In contrast to the lucrative careers enjoyed by her successors in elite full time female distance running such as Liz McColgan and Paula Radcliffe, her part time efforts did not win her a penny but afforded her lots of fun and satisfaction. Prizes like cutlery sets, table lamps and sewing baskets were the tangible rewards for her success but she was instrumental in paving the way for the acceptance of, recognition for and development of womens’ ultra distance running.
Officially women were not allowed to compete over long distance far less marathons, having been discouraged for years due to the prevailing thinking that it was dangerous for their health although a small number with Ms. Greig in the vanguard had been challenging the authorities to relax the restrictions.
Indeed when she ran her world best time she was not permitted to enter the race officially and instead had to set off ahead of her all male rivals.
However she did not consider herself as a champion of womens’ rights in this, instead explaining in an interview 20 years ago,” I just ran for fun and I don’t regret that at all. I really enjoyed it out in the country in the fresh air. Today women are racing these distances, running really fast. I must say I admire them.”
Well known Scottish athlete over track, country and road, the late Emmet Farrell wrote in his memoir, “Lady runners owe their liberation to people like Dale Greig from Paisley, one of the first to demonstrate that it was not abnormal for women to run long distances.”
Her world best of 3 hrs 27ms 45 secs was set during the Isle of Wight marathon on 23 May 1964, the only female participant and her debut at marathon running. She had gone there for a holiday and to run the race.
Over what was described as ‘a tough, hilly course,’ she became the first woman to dip below 3hrs 30 mins for the event, the previous best being 3hrs 37 mins, attributed to American athlete Mary Lepper in the USA.
Such was the concern for her that she was followed all the way round by an ambulance and by her mother Ann in her car. As she was not permitted to be an official competitor, she had to set off four minutes ahead of the male runners, expecting to be passed by them going up the first hill.
That did not materialise and although overtaken later by many of her rivals she remarked later, “ I caught some towards the end as they began to wane in the last few miles.” None the worse for her experience, she danced the night away in the Royal York Hotel in Ryde before rising early the next morning for a swim prior to her return trip north.
Afterwards the organisers were reprimanded by the regional athletic authority for having allowed a woman to run! Although her mark was beaten a few months later by New Zealand athlete Mildred Sampson, she retained the British record for 11 years.

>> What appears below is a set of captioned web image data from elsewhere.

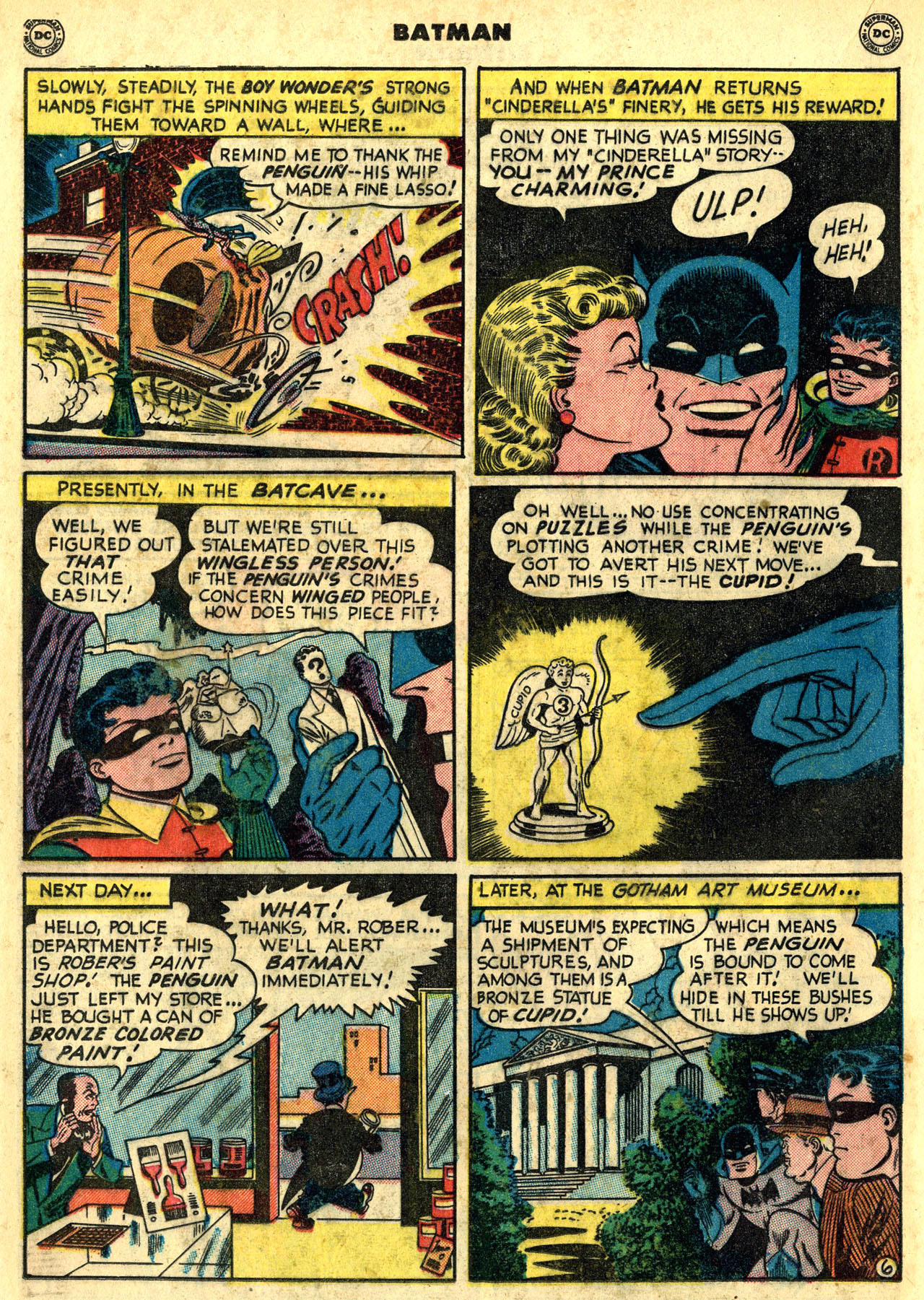 Read online Batman (1940) comic -  Issue #61 - 22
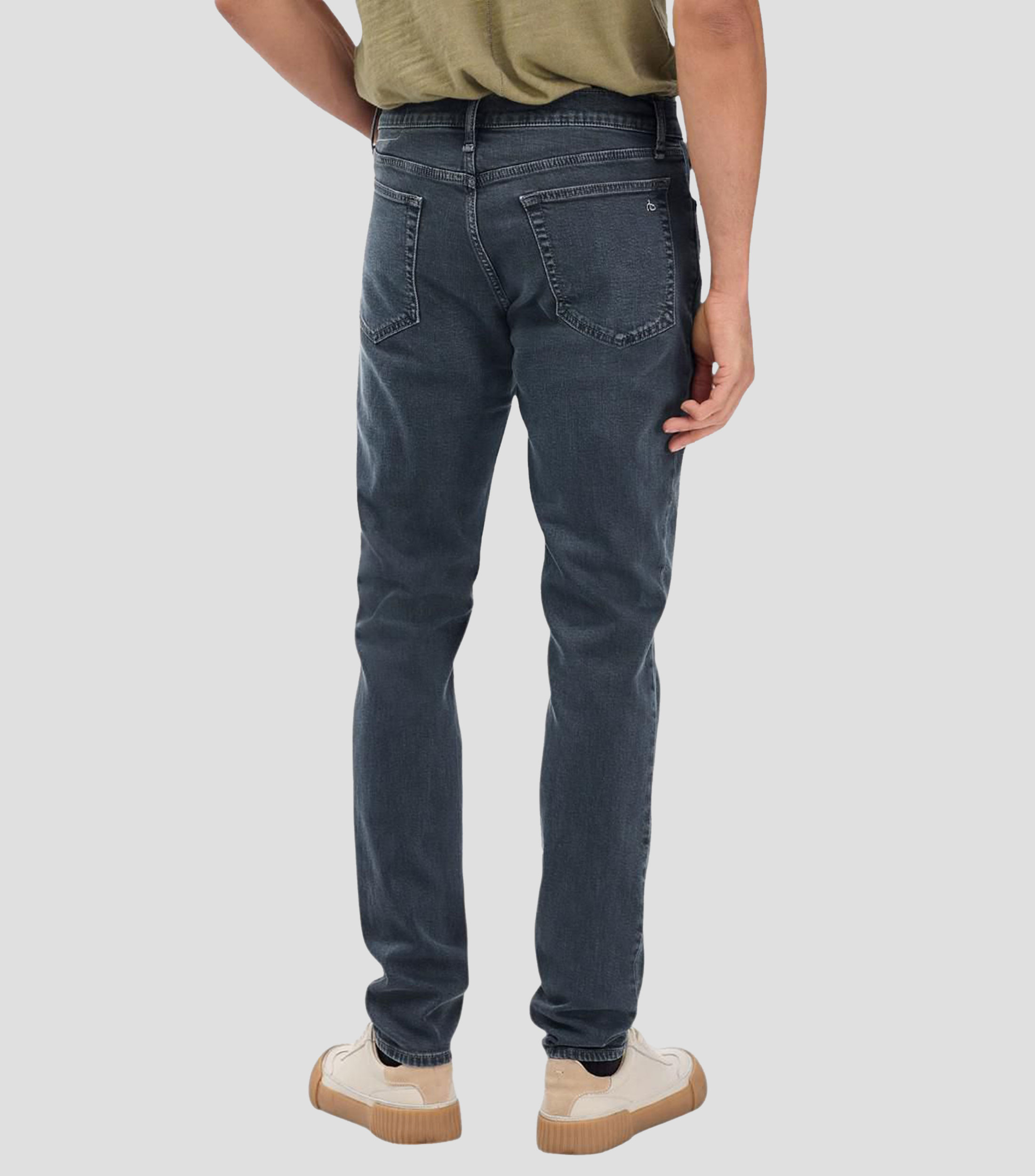 Jeans slim Hombre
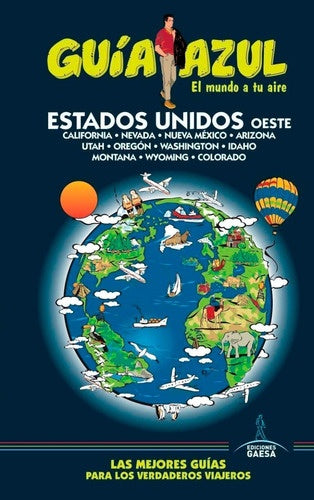 Estados Unidos oeste. Guía azul | Ediciones Gaesa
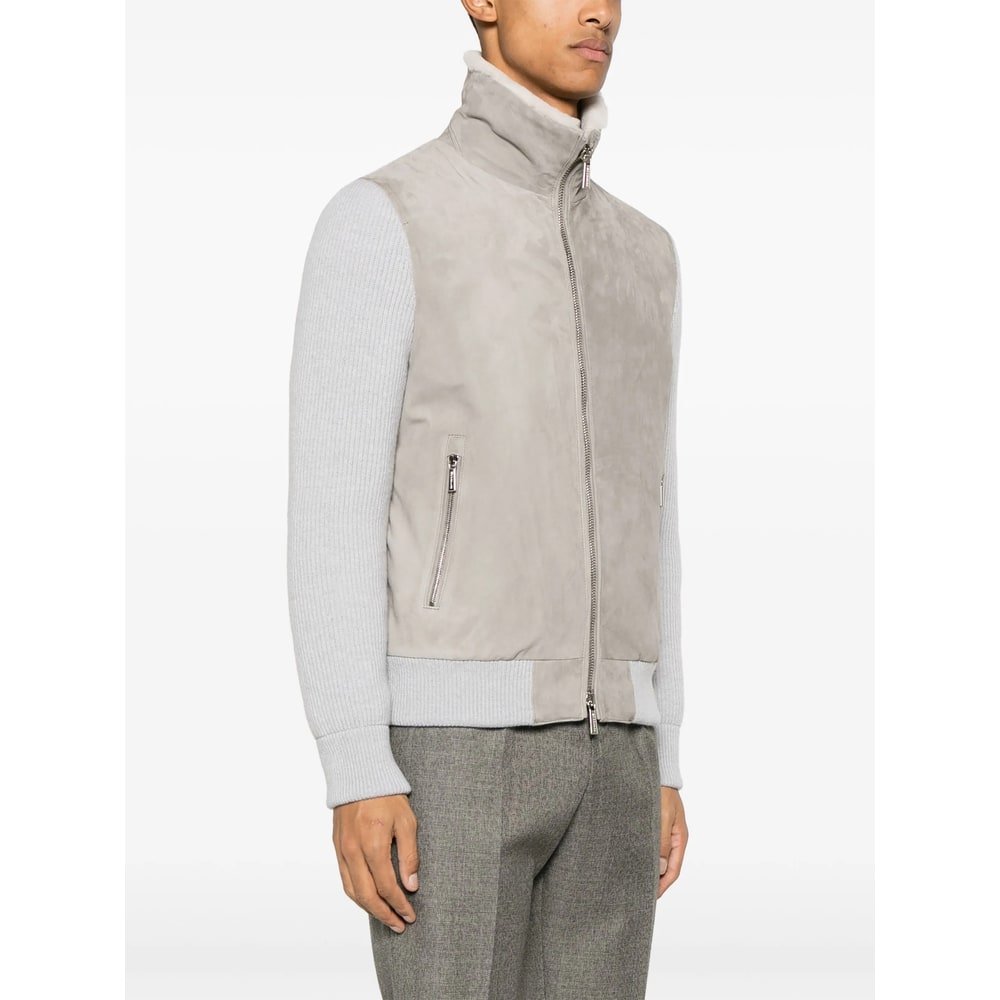 Moorer Outerwear In Gray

Other notable achievements included in 1971 being the first woman to complete the Isle of Man 40-mile race over the famous TT course as well as the punishing race up and down Ben Nevis, and in 1972, the London-Brighton 55 miles road race.
Again this was an event in which she was not allowed to compete officially and had to set off from Westminster Bridge an hour ahead of the men at 6am, equipped with a map in case she lost her way and completing the course in an excellent 8½ hours.
In 1974 she won the inaugural world womens’ veterans’ marathon in Paris, the first time men and women had been allowed to run together over the distance.
Dale Sheldon Greig was born in Paisley where she was brought up with her twin sister Cynthia and lived all her life. At school she showed promise as a sprinter while in 1956 she won the Scottish Universities’ quarter mile title and was runner up in the Scottish womens’ half mile championship.
Inspired by the career of Arthur Newton, she began to focus on distance running, enjoying particular success at cross country in which she made her international debut against England in 1957 at Musselburgh Racecourse. Between then and 1968 she won the Scottish cross country title four times while on the track she won three bronze medals in the mile at the Scottish championships. Initially she competed for Bellahouston Harriers before setting up her own club in Paisley, Tannahill Harriers.
She was a founder member of the Scottish Womens’ Cross Country Union which she served as Secretary and then Treasurer for many years as well as being a race organiser.
A swimming pool accident in the early 1980s in which she injured her feet led to her reluctantly having to stop running in 1987 although she maintained her interest in the sport. She also wrote a column in the 1950s and 60s for the magazine,The Scots Athlete, which she called ‘Dale’s Diary’ in a nod to a popular radio programme of the time.
Last year she was honoured by being inducted into Scottish Athletics’ Hall of Fame. As someone who never sought the limelight, her achievements have tended to be overlooked somewhat but merit a much higher profile.